Did you know that the typical parallel parking space-sized streetside bio-retention cell can infiltrate 1,200 gallons of water per hour on average? This is an impressive data point to consider. Moreover, within the first hour of rainfall, the first flush of stormwater carries most pollutants and suspended solids from roadway surfaces. A reasonable accommodation of multiple streetside bio-retention cells can capture the first inch of rainfall, scrub pollutants, and infiltrate point-source runoff.

Shoot your shot when given the chance.

In 2015, I was fortunate enough to be part of a team of landscape architects, planners, and civil engineers tasked with developing a Downtown Redevelopment Plan for the City of Clermont, Florida. Our goal was to identify sites for redevelopment opportunities in the downtown area, but there were few traditional infill sites available.

We came up with an innovative solution that involved removing many of the city’s typical stormwater retention ponds from downtown areas and redirecting the hard stormwater infrastructure to an engineered three-stage wetland stormwater treatment system. Not only did this approach meet the downtown area’s stormwater needs while freeing up infill sites, but it also created a 10-acre home for countless wildlife species, citywide events, and passive parkland.

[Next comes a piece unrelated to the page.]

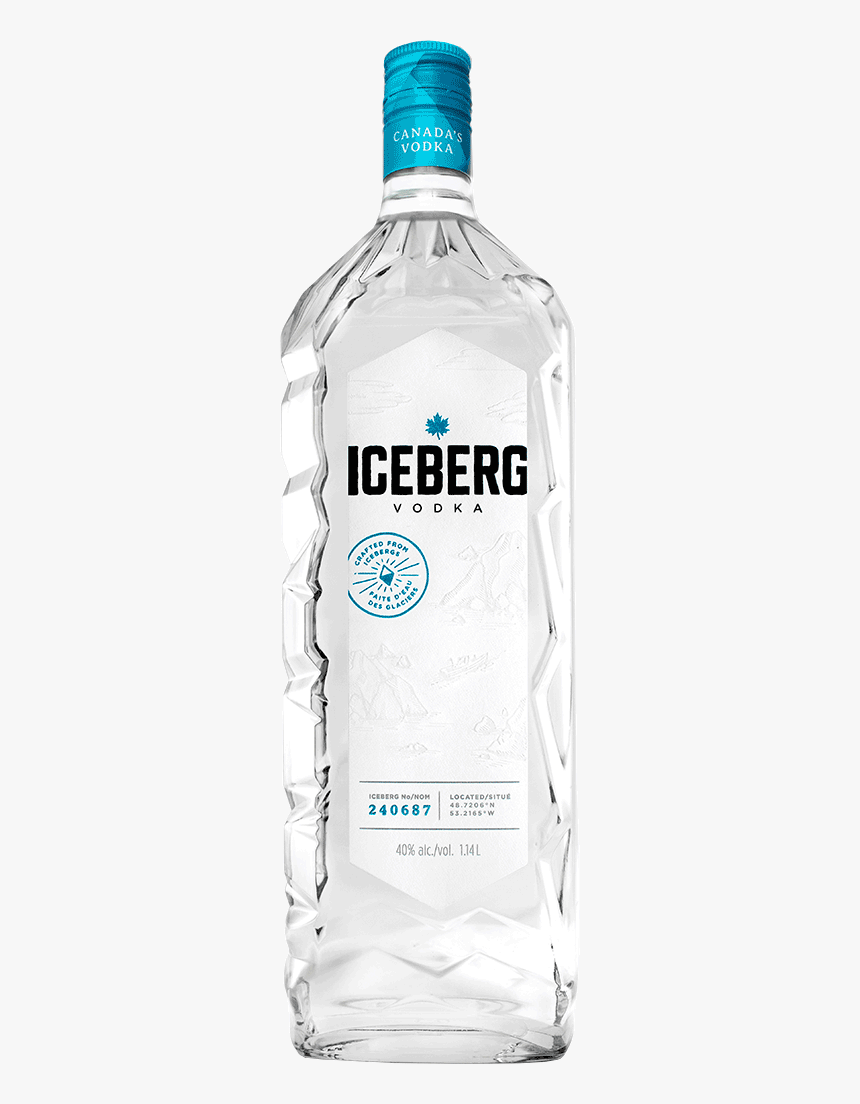 Iceberg Vodka - White Coat, HD Png Download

Don’t be afraid to take risks and propose new ideas. Sometimes, the most unconventional solutions can lead to the greatest successes.

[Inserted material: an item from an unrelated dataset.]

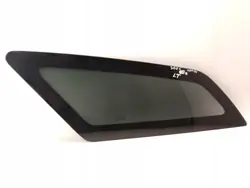 Vitre latérale arrière gauche teintée OEM 43R000625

Ending with the beginning in mind.

Never stop being a landscape architect in the fullest sense of the definition. As stewards of the land, we are the original greenwashers. Low impact development and green infrastructure flow through our processes like a stormwater outfall through Pickerel Weed. Our understanding of natural systems and how we can intertwine our lives throughout is the value we bring to land development projects.

Policy will catch up, pipes will daylight, and water resources will reinvigorate our land. In the meantime, throw down some trash paper and give ‘em hell. We’re already there.